I like this quote from Alanon.
Living in the past is VICTIM, Living in the future is MANIPULATING. Live in the present.

Being content is an incredible experience. I have gratitude for the full life I live today. I can enjoy the fruits of this moment in the past I lived in lack of.............

“Be yourself because everyone else is taken.” Oscar Wilde



Saturday, April 23, 2011

Freedom

The topic tonight was anger. The speaker spoke of his well of anger which bubbles up from time to time. He watches it and tries not to ride the dragon or be a slave to his emotions. He is active in his recovery and I have been given alot of support from his experience, strength and hope.

I turned my anger inward which surfaced as depression. I was afraid of my anger my emotions were deeply hidden. It has taken quite a bit of time to bring them forth into my life into this moment. My parents did not hide their anger, in fact it was one of the few feelings that surfaced constantly.
My father was a violent man, cars were wrecked, my parents hit one another and I listened in fear. Some nights I wasn,t sure if my mother would be alive in the morning. At eighteen I left and never came back to my parents home.

My husband a work-aholic is also an angry man. I would tip toe around his feelings trying to avoid his down days. If he was mad I was mad it was horrible and I felt like a slave to his emotions. It was one of the lowest points in my life the year I came back into the rooms.

Today my life has slowly changed. My H can be upset and some days I can step back from his
feelings without riding them. I practice the three c's and let go. I fumble and make mistakes but I keep coming back. My program is not about perfection it is just me practicing my program.
Sitting with myself frees me and allows me to learn to be present for myself.

Gratitude

HP is always there for me, others and the world
Learning acceptance

Thursday, April 14, 2011

Watching

Mindfulness meditation has value in two distinct ways for people in recovery. First as a way to bring some calm and serenity into the heart and mind. People in recovery, especially newcomers, experience a lot of stress, and having a regular meditation practice goes a long way toward reducing that stress. The second way mindfulness meditation helps is by giving us insight into our destructive mental and emotional habits. When we take time to carefully watch our thoughts, we begin to see how we create many of our own problems, and we learn to let go.

Tonight was a good meeting. A newcomer that left for a few weeks was back with her rage and grief. Sitting beside her tonight reminded me of my childhood. She spoke of her place in the family as the raging child. It felt scary sitting beside her. She cussed, screamed and cried.
We told her to keep coming back it gets better. I can make this promise to her it does get better....
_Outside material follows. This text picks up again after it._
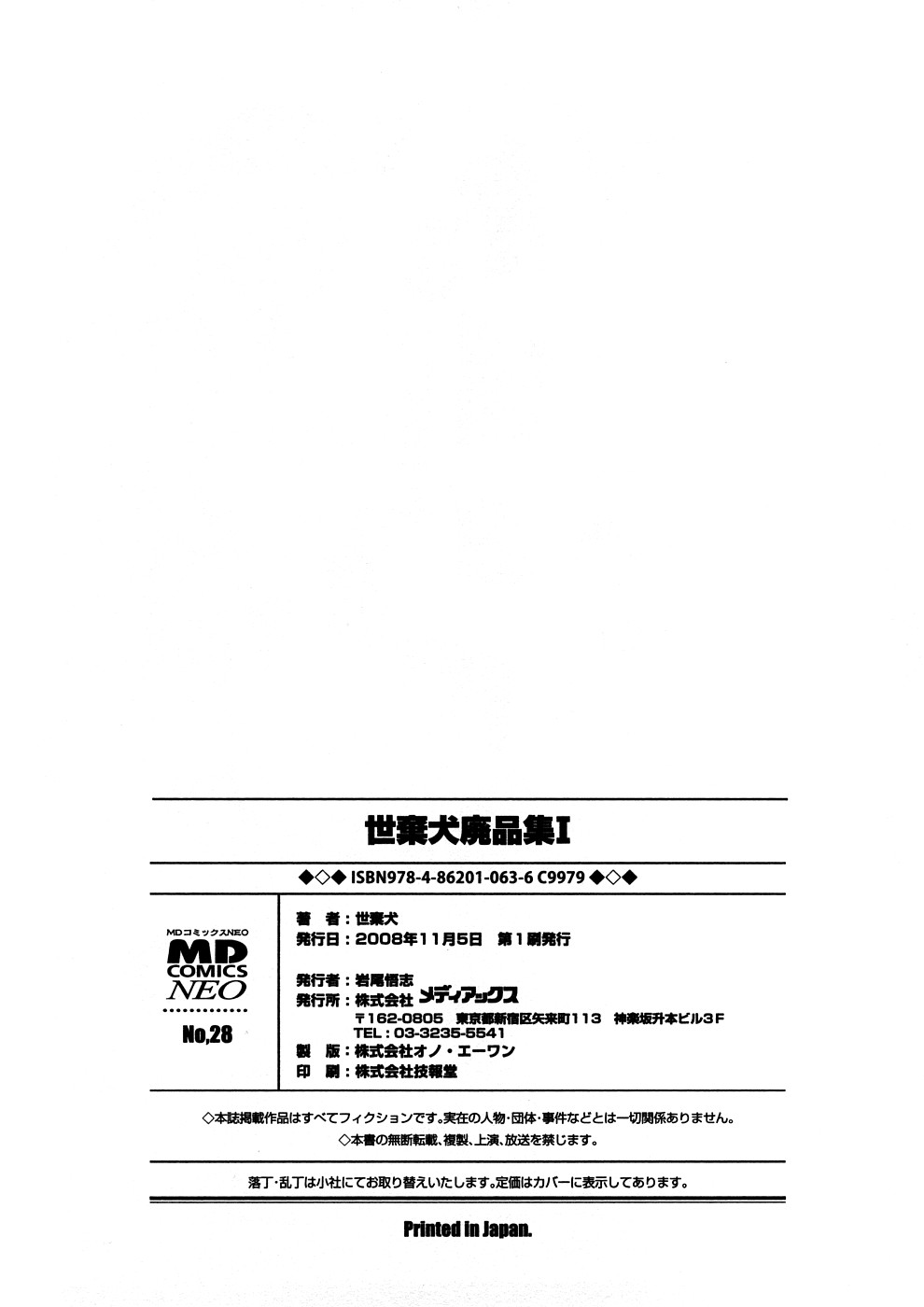 [世棄犬] 世棄犬 廃品集 I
As a young adult I raged and lashed and withdrew and then left. That was how I dealt with my feelings abandoning myself. In recovery I get to come back to me. Within I am still there waiting for the return. Sitting in meditation helps me to quite my mind or at least watch the thoughts and then detach from it all. Letting go turning it all over to HP. I dont have to figure it all out HP is there waiting.


Gratitude
for HP being able to sit with myself



Tuesday, April 12, 2011

Letting Go

Concentrating on my breath helps center me during anxiety attacks. If I can focus on something keeps me concentrated. At night when I have trouble falling to sleep I count my breaths letting go it is a challenge to let go. This practice seems to help me with my program. Searching on the internet I found this quote attached below.

living_title.gif


D: Why is letting go so difficult? I can watch my other emotions like anger and hatred, but it is much harder to see desire and clinging.

That's because desire and clinging precede anger and hatred. In any fit of emotion - and our mental formations occur so very fast - we can only identify gross emotions like anger and hatred. Desire and clinging are much more subtle, so it takes stronger samadhi to be able to see them.

You have been conditioned since you were very young to relate everything to yourself. As soon as you learn to recognise people and things, you're taught how to relate these to the "I" and "mine"-- my mom, my dad, my toy, etc. As you grow up you're taught how to relate ideas and concepts to yourself. You have to learn that so that you can function properly in society.

But at the same time, this process slowly and unconsciously creates a concept of selfhood, and you build up your ego. This build up is strengthened by the values of society. You learn to compete, to achieve, to accumulate knowledge, wealth and power. In other words, you are trained to possess and to cling.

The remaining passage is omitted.